Bear in mind: Not only did Ames have access to the most sensitive CIA information concerning Russia and the former Soviet Union--he also had access to some of the most sensitive information concerning the war on drugs. At the time of his arrest, Ames was a top official in the CIA's office of narcotics intelligence.
The possibility that Ames passed sensitive information to the KGB concerning the war on drugs prompted the Wall Street Journal to publish on March 10 an interesting article headed, `The KGB and America's War on Drugs.' The article stated what many of us have contended for years--that the KGB used moles like Aldrich Ames to sabotage the U.S. battle against the international narcotics trade.
It will surprise no one that the KGB sought to undermine the U.S. war on drugs. The KGB was institutionally dedicated to the destruction of the United States of America; therefore, the KGB's involvement in narcotics trafficking makes perfectly good sense. Drugs have been an increasingly destructive force in our society for decades, poisoning our youth and fanning the flames of violence in our cities.

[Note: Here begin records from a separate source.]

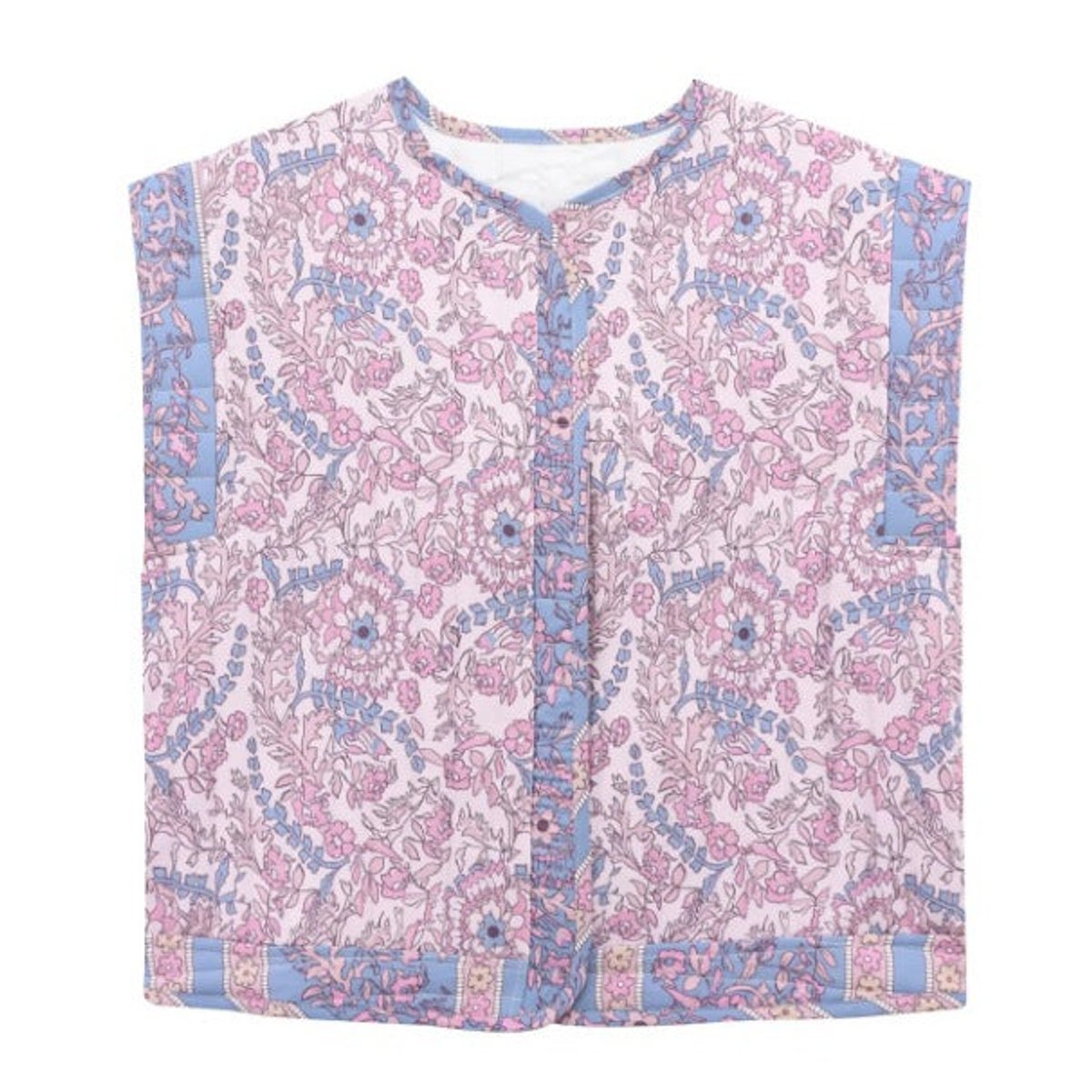 Women's Floral Quilted Vest with Pockets | Frieda in Khaki - Juana Fashion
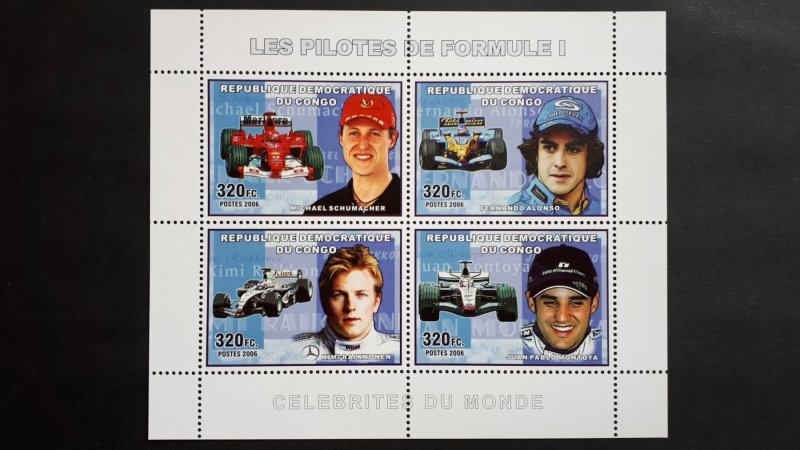 Formula 1 pilots - Congo 2006 - sheet + complete set of 4 ss perforated ** MNH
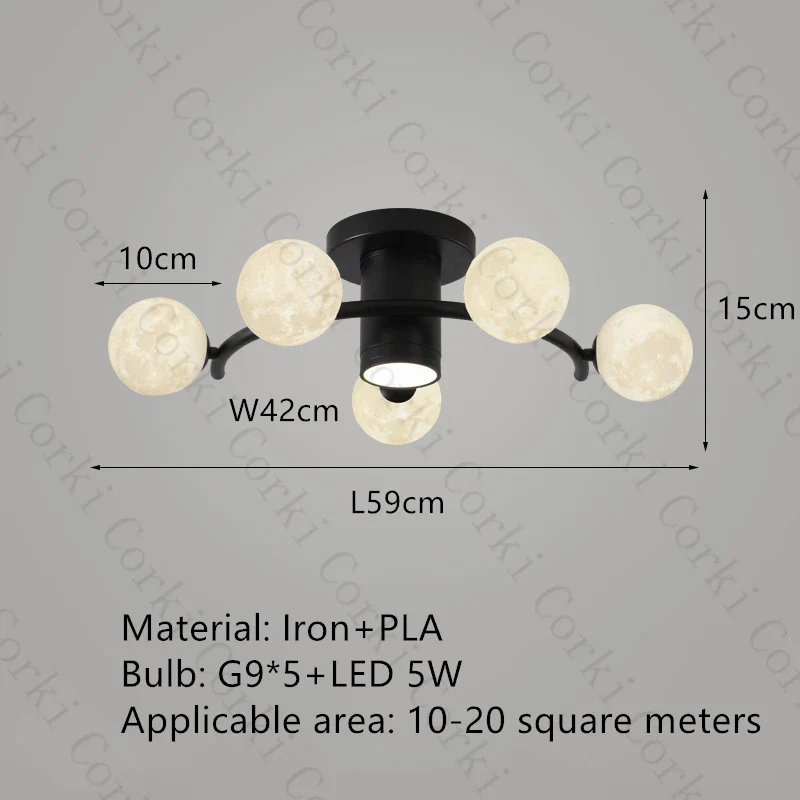 plafonnier design en métal noir doré boule blanche pour intérieur moderne - Image 9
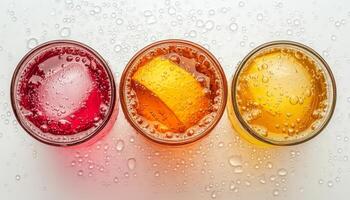 Colorful Soda Bubbles in Various Flavors Close-Up photo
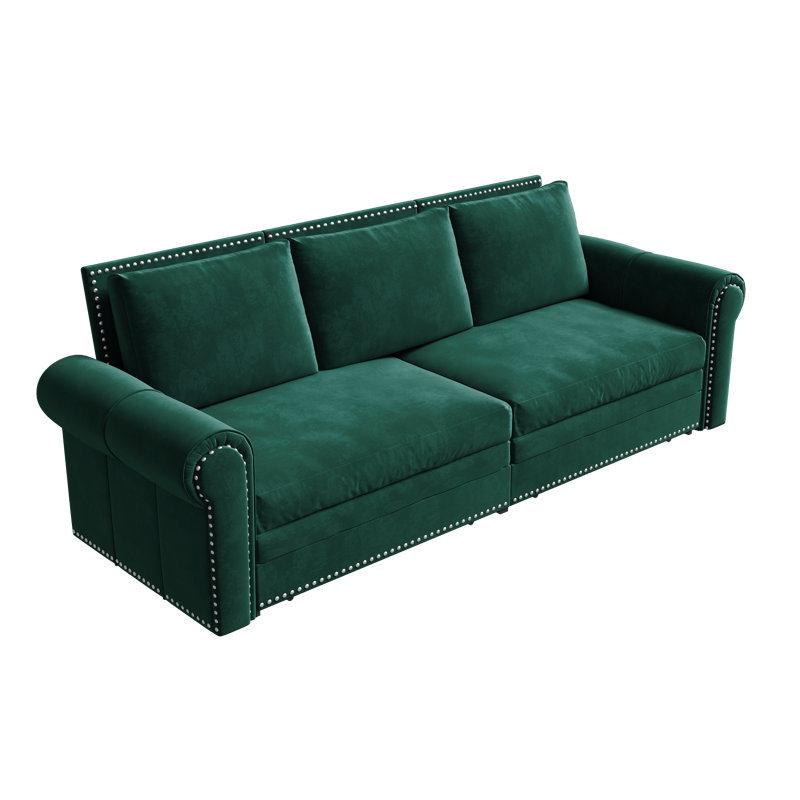 3-In-1 Velvet Convertible Sleeper Sofa, 93.7" W King Pull Out Sofa Bed, With Nailhead Trim & Rolled Arm, Green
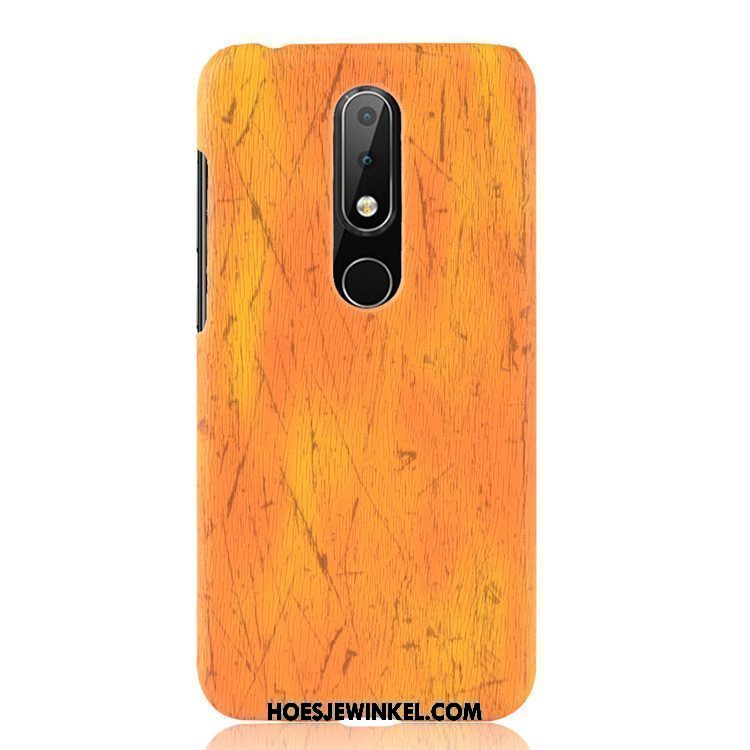 Nokia 6.1 Hoesje Hoes Purper Hard, Nokia 6.1 Hoesje Bescherming Houtnerf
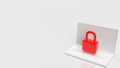 Red color lock on white notebook  3d rendering Royalty Free Stock Photo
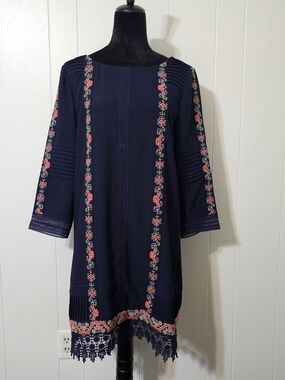 Neiman Marcus Embroidered Boho Tunic Dress Navy Lace Trim Medium M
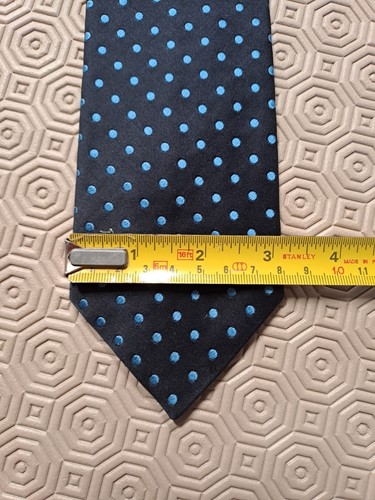 Holliday & braune dunkelblaue Seidenkrawatte. Tupfenmuster Hand Made in England - Bild 4 von 8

Yet, for some reason, Mr. President, the State Department has been less than aggressive in addressing the role that the KGB--and Soviet allies such as Cuba--have played in the tidal wave of illegal narcotics pouring into the United States.
This, I submit, has been a bipartisan folly. As long ago as January 1987, I pleaded with the administration to investigate this matter. Two years later--on July 26, 1989--the Foreign Relations Committee held hearings on Cuba's involvement in narcotics trafficking. To my knowledge, however, a serious investigation was never undertaken despite the pleadings by me and others.
The pattern of ignoring clear evidence that the KGB and Cuba were linked to illegal drugs is reminiscent of the way the bureaucrats stonewalled congressional investigations into
Manuel Noriega's activities. Only after pressure from Congress and an indictment by a Miami prosecutor did the State Department address the serious allegations against Manuel Antonio Noriega. Sadly, the bureaucrats have been not one bit more interested in probing the KGB and the Cuban connection with narcotics trafficking. The Wall Street Journal sensibly put it this way: `Rumors in the 1980s about KGB or Cuban involvement in the drug trade were routinely pooh-poohed by State Department and CIA types.'
Well, Mr. President, the bureaucrats were forced to face the facts about Manuel Noriega, but I see no evidence that they learned anything regarding KGB and Cuban involvement in drug trafficking.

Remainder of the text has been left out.